All our earlier analysis have shown that a major portion of the story of the birth of Jesus is unhistorical. Now we shall look at the status of the rest of the nativity episodes in Matthew and Luke. We see that all the episodes seem to have been derived almost entirely from the Old Testament:

The Wise Men and The Star of Bethlehem

Matthew 2:1-12 describes the appearance of the wise men "from the east" who came looking for Jesus because they saw a "star in the east". And when they found him they offered him presents of "gold, incense and myrrh."[a] The problem is, despite diligent research by scholars nobody really knows the identity nor the origins of these wise men.[1]

As for the star, many suggestions had been made: a nova, a comet and even a planetary conjunction of Saturn and Jupiter. None of these were successful. there was no Nova recorded during the period of Jesus birth. Halley's comet appeared in 11BC but that was too far back to satisfy most Christian theologians. The planetary conjunction of Saturn and Jupiter occurred in 7BC but the distance between the planets, as viewed from the earth, was still far enough apart for each of the planets to be discernable as separate objects. It was highly unlikely that they could have been mistaken for a single star.[2]

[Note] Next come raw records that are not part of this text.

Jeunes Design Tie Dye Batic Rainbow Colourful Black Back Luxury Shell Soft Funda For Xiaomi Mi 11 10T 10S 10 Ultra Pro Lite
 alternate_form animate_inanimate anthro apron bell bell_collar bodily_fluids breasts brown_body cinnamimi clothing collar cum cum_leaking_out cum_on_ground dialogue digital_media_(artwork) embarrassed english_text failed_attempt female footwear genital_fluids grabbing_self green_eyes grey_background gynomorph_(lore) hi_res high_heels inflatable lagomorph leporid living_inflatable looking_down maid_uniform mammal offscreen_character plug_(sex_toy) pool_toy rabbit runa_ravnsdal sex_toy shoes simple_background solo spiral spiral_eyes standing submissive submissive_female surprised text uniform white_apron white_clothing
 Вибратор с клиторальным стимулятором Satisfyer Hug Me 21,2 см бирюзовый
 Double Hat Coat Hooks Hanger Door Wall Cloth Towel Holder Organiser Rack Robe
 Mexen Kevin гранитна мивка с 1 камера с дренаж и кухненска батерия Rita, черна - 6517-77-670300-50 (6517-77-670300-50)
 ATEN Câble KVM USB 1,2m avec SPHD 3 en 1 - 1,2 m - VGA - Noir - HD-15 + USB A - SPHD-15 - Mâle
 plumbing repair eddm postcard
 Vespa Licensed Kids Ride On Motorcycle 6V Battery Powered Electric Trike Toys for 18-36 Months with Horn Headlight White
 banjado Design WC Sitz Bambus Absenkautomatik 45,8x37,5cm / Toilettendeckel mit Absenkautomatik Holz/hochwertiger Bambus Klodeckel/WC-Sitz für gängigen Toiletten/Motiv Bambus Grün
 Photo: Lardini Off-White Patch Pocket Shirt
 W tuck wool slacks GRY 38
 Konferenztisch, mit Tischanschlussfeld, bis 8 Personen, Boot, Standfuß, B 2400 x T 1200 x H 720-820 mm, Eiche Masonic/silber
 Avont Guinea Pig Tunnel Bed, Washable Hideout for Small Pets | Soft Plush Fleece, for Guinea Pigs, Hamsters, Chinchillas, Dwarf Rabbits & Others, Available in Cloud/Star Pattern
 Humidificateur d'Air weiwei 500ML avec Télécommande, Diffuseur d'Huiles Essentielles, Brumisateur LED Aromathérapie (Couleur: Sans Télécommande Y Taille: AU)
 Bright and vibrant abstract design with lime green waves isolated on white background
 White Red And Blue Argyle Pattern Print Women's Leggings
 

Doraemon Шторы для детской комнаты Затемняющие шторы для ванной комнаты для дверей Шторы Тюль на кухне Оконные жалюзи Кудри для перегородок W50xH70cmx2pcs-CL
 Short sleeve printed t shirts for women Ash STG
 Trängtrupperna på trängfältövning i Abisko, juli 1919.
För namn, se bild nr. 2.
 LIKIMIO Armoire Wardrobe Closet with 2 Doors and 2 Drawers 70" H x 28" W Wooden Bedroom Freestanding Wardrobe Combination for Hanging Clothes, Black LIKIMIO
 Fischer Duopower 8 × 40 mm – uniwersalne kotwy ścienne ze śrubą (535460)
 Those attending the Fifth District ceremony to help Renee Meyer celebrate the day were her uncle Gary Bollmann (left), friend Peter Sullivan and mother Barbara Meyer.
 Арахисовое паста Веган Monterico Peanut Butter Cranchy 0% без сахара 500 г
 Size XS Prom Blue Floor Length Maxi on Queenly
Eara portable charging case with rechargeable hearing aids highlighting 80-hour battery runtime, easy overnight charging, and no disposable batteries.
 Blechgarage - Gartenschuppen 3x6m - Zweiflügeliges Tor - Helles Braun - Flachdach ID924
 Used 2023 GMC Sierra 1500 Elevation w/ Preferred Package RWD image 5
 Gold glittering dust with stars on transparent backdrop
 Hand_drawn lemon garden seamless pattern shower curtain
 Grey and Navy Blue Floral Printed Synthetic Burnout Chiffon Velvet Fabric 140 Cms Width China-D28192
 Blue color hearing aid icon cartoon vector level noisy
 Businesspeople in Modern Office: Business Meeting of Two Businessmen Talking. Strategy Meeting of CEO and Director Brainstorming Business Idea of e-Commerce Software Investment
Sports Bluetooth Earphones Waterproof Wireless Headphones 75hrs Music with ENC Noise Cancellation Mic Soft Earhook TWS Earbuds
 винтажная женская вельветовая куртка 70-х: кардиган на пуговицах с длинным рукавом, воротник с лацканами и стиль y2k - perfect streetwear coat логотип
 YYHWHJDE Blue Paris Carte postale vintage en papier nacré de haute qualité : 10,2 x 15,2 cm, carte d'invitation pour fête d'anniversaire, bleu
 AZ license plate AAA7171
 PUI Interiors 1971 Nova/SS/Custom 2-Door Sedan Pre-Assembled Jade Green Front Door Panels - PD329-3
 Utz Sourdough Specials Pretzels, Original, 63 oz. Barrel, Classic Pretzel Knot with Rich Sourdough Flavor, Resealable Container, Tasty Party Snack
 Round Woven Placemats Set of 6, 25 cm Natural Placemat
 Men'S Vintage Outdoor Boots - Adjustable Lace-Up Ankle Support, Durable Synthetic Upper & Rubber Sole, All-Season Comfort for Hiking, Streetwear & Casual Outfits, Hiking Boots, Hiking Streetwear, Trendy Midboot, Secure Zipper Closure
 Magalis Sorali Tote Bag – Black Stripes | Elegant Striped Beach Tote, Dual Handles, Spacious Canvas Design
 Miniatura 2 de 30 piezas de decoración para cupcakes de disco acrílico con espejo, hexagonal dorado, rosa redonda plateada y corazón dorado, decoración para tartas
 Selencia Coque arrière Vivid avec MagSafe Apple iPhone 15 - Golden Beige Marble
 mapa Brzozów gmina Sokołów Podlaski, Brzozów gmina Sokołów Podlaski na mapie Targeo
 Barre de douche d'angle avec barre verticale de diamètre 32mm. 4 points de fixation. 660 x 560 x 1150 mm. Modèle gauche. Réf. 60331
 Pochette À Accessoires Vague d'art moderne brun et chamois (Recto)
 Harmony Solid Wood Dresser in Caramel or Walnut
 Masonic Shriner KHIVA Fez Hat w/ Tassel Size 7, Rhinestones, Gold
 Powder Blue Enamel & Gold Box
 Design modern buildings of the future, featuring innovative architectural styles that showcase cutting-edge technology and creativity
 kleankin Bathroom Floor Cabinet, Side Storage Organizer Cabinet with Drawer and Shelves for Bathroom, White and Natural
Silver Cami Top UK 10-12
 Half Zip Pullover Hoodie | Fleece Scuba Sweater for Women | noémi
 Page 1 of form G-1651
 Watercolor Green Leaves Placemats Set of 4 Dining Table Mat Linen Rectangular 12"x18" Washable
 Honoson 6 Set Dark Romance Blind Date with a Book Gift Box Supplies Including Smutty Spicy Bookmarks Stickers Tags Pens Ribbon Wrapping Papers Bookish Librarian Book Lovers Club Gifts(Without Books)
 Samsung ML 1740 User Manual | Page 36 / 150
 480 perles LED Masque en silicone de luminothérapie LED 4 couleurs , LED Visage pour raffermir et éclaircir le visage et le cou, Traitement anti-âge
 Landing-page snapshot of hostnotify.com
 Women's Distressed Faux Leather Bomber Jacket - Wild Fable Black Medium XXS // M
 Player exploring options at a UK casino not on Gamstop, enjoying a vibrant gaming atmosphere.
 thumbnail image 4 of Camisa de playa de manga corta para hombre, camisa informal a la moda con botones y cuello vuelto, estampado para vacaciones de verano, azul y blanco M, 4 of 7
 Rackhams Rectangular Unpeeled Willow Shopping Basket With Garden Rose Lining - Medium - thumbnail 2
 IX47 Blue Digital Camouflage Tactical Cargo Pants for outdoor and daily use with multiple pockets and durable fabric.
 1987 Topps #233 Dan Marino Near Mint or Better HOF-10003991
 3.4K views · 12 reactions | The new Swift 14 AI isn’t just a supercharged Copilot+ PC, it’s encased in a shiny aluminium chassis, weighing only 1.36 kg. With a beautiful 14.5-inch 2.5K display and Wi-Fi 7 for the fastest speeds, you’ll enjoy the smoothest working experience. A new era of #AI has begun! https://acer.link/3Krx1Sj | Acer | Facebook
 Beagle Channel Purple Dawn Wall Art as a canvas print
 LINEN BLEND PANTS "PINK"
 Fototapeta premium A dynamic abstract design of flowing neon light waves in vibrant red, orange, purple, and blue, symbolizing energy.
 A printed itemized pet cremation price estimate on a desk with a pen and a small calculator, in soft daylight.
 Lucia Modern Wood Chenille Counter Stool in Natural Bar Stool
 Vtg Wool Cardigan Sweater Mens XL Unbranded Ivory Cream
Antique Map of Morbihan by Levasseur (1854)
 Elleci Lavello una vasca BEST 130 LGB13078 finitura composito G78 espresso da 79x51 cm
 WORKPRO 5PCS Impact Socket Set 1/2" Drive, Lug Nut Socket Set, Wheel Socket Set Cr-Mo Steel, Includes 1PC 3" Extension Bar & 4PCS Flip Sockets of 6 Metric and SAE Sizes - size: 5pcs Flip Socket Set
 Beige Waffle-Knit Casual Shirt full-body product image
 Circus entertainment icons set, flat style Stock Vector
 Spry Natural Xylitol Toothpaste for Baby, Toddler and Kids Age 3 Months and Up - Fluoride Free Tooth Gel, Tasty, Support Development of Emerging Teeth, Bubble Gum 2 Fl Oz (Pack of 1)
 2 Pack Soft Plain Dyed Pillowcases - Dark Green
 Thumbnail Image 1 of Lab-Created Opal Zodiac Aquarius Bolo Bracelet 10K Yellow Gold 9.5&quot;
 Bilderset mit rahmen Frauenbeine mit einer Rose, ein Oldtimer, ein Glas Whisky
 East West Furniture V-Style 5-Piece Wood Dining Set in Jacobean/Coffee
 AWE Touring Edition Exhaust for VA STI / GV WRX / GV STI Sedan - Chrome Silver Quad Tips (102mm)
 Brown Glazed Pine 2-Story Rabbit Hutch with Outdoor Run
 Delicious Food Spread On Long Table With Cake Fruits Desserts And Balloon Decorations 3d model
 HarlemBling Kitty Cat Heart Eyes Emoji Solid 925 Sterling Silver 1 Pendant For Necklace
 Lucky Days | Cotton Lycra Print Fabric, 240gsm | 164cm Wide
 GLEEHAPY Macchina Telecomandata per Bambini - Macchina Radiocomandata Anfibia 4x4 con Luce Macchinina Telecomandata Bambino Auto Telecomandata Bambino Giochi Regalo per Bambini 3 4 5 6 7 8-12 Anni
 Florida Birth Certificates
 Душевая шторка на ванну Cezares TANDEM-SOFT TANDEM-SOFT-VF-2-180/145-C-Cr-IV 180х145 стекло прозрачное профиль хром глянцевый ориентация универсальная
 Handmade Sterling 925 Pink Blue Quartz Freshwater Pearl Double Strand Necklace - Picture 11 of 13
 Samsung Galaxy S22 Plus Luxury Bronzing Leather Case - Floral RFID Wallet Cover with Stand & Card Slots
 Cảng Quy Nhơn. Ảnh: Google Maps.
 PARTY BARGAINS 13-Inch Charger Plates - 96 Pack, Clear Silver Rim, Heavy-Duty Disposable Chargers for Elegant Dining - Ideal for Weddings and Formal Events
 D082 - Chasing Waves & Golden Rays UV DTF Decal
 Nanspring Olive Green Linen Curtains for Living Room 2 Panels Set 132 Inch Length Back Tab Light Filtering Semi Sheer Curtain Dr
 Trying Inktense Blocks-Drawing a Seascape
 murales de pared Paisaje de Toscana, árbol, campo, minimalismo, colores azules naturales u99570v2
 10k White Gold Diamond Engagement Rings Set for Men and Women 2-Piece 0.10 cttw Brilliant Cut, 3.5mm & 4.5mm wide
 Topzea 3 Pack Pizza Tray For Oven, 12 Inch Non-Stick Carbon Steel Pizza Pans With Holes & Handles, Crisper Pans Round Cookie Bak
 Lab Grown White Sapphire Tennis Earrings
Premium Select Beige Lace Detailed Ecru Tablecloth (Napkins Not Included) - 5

It should also be remembered that the occurrence of heavenly phenomena is a common theme in Greco-Roman legends. For instance a comet's appearance in the sky during the death of Julius Caesar (c110-44BC) was recorded by Suetinos while the same phenomena that accompanied the birth of Mithridates (c132-63BC), King of Pontus was recorded by the historian Justin.[3]

In view of the lack of historical support for the story of the wise men and the star of Bethlehem it is very likely that the whole story was composed by Matthew from Old Testament passages:[4]

On the "star in the east"
Numbers 24:17
There shall come a star out of Jacob, and a specter shall rise out of Israel
On the wise men
Isaiah 60:3
And the Gentiles shall come to your light, and kings to the brightness of your rising
On their presents
Isaiah 60:6
And they shall bring gold and incense.

As for the significance of myrrh, I quote Marina Warner's Alone of All Her Sex

The myrrh appeared...in the book of Exodus, when the Jews at Moses order mix a chrism with which they anoint the Ark of the Covenant-an apt symbol that the child accepts the wise men's myrrh is the anointed one who will inaugurate the new covenant. [5]
All evidence point to the fact that Matthew concocted the whole episode of the wise men, the star and the gifts out of Old Testament passages.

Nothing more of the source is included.